--- What the exercise asks ---
With pictures removed, the data below should be returned exactly.
::: Data segment
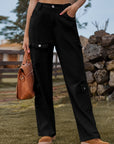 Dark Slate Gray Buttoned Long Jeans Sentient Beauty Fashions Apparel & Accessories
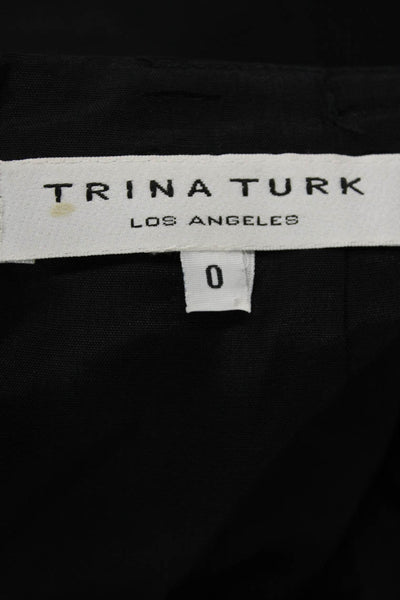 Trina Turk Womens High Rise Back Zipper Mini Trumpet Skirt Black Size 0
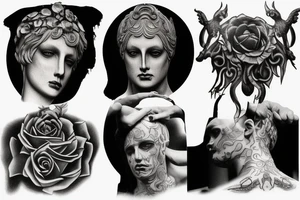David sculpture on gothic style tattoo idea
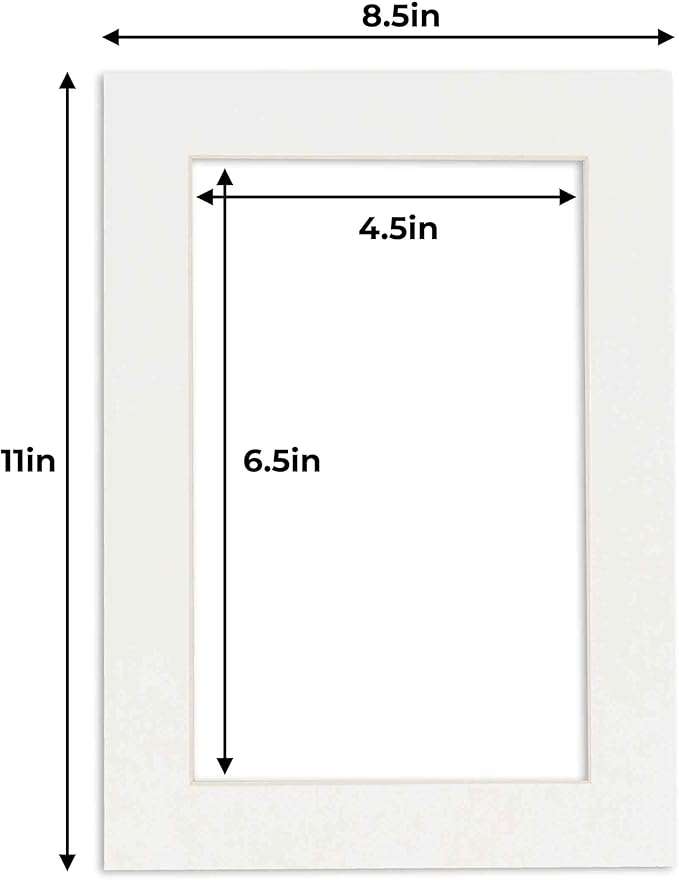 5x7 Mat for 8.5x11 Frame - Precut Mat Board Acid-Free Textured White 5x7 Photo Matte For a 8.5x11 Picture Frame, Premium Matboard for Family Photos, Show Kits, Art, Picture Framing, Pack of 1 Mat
::::::
--- Written answer ---
 Dark Slate Gray Buttoned Long Jeans Sentient Beauty Fashions Apparel & Accessories
 Trina Turk Womens High Rise Back Zipper Mini Trumpet Skirt Black Size 0
David sculpture on gothic style tattoo idea
 5x7 Mat for 8.5x11 Frame - Precut Mat Board Acid-Free Textured White 5x7 Photo Matte For a 8.5x11 Picture Frame, Premium Matboard for Family Photos, Show Kits, Art, Picture Framing, Pack of 1 Mat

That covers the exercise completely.